Último poste da série de 7 de outubro de 2016 > Guiné 63/74 - P16572: Notas de leitura (887): “Paz e Guerra, Memórias da Guiné", pelo Coronel António Melo de Carvalho, edição de autor, 2015 (Mário Beja Santos)

3 comentários:

Anónimo disse...

Luis
Conheci o capitão José Abílio Lomba Martins, no Enxalé.
Estávamos em fins de Novembro de 1963 e um dia apareceu uma coluna da
da nossa Companhia que levava um Sr. capitão que se apresentou, como Lomba Martins,
professor na Academia Militar que queria conhecer a região e os métodos de contra-guerrilha que utilizávamos, bem como a minha técnica de fazer minas e armadilhas.
Ficou espantado com os resultados reais e efeitos das armadilhas, pois chegou a
acompanhar-me na sua elaboração e na sua montagem e verificou os efeitos devastadores no inimigo.
Na semana passada connosco, ficou tão entusiasmado que me pediu dois exemplares
de duas armadilhadas para levar para Lisboa, para ensinar na Academia, segundo me afirmou.
Mais tarde a 25 de Janeiro de 1964, apareceu a comandar a C.Caç 556, que nos substituiu (3º pelotão), no Enxalé
Nessa substituição, recordo que me apresentou, aos seus oficiais e sargentos
como alguém que era um operacional, conhecedor da guerra de guerrilha e contra-guerrilha, o que me deixou cheio de orgulho.
Acabou por dizer ao nosso Capitão Braga, que eu merecia um louvor, pois fazia mais estragos no inimigo do que muitas companhias. O que veio acontecer mais tarde.
Encontrei-o em Abril de 1965, em Bissau e ele apresentou-me a vários Oficiais sempre
em termos muitos elogiosos para a minha pessoa.
Um exemplo foi: uma noite o Nino Vieira comandou um ataque ao nosso aquartelamento com 150 guerrilheiros (homens e mulheres)que desde a 21 horas até às 4 horas da manhã, tentaram aproximar-se, por diversas picadas e estrada, mas caíram em mais de
dez armadilhas, onde tiveram mortos e feridos, e ao chegar ao arame farpado, apenas se atreveram a dar um tiro de pistola.
Retiram alguns dos mortos e feridos, mas outros ficaram escondidos pelo mato,
que nós recuperamos mais tarde durante o dia.
Foi assim que conheci o Sr. Capitão Lomba Martins
Ab
Alcidio Marinho
C. Caç 412- 3ª pelotão

Antº Rosinha disse...

As duas maiores diferenças entre a Guiné de Spínola/Salazar para o Luís Cabral/Suécia/URSS, mais sentidas pelo povo guineense foram as seguinte:

1ª- Antes só os brancos/colon tinham carro, e depois todos os ministros tinham Volvo.
E diziam os guineenses vaidosos para mim, colon, quando passava o ministro: Vês? "preto também sabe guiar".

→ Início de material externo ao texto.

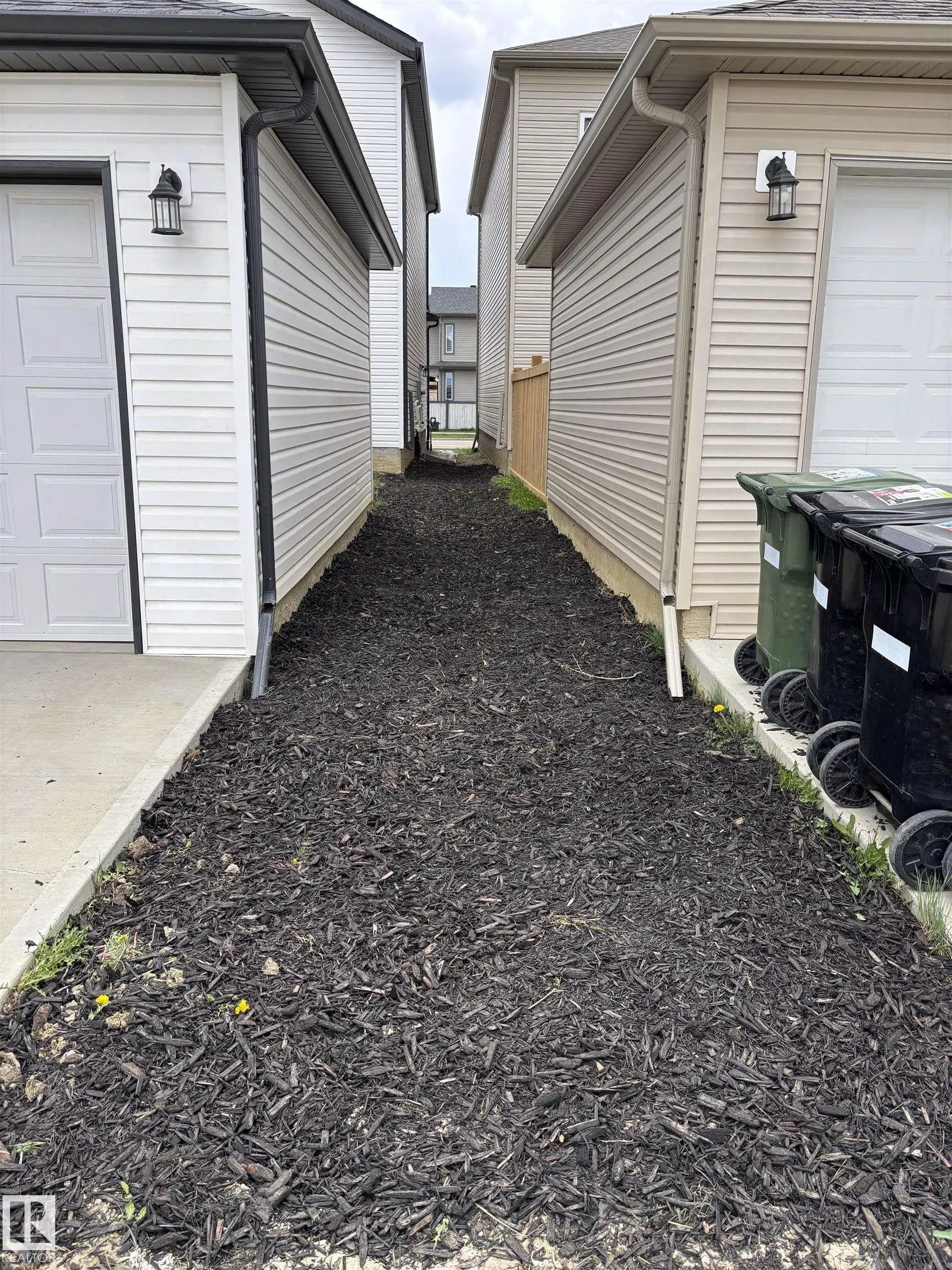 184 CALEDONIA Drive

2ª maior diferença- Não haver em BISSAU, alimentos para comprar desde o simples SAL e CEBOLA até ARROZ, durante o ano inteiro com pequenas intermitências.
E diziam os guineenses para mim, colon, quando do golpe de 14 de Novº: "vai acabar a independência? Vem aí o Spínola? Quando fores para Portugal levas o meu filho?"

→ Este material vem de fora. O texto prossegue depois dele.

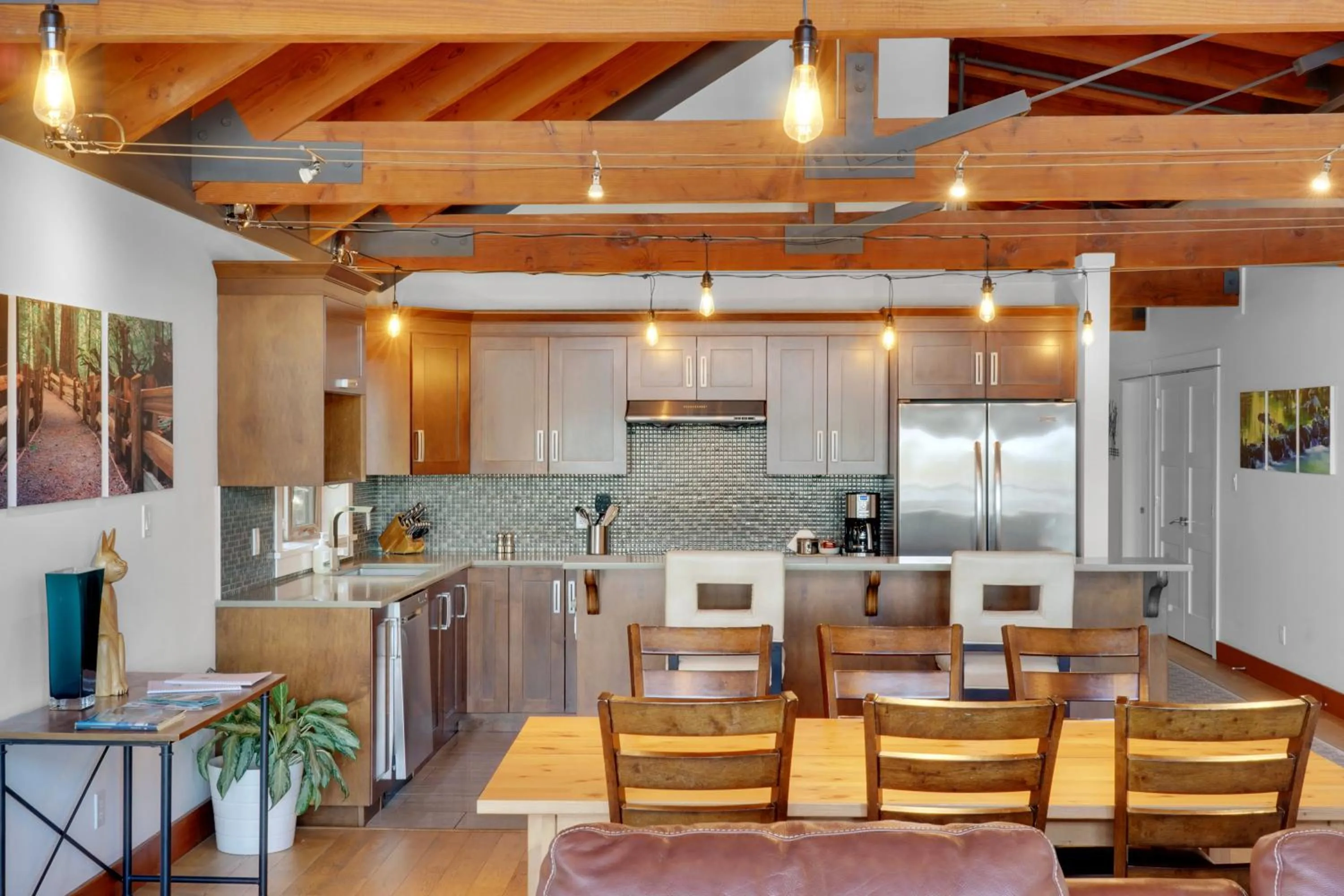 Kitchen or kitchenette in Mariner's Loft - Salt Spring Island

Mas em Bissau, hoje, o povo vive mais tranquilo que em muitas outras capitais africanas.

Mas quando se fala nos problemas africanos como este desgoverno guineense, não é aos Luíses cabrais nem Ninos nem Bokassas, Mobutus, etc.que se deve atribuir a maior responsabilidade, nem à "colonização exemplar" nem à "descolonização exemplar".

A responsabilidade é das Nações Unidas, as Grandes potências, e no caso de Bissau, também da "magnânima" Suécia e todas as ONG's que alimentaram sempre com a sua presença e donativos o EGO daqueles insaciáveis e ignorantes títeres Ninos e Cabrais.

Mandela não quis ninguém na terra dele, nem ajudas nem cooperantes nem estranhos a ajudar.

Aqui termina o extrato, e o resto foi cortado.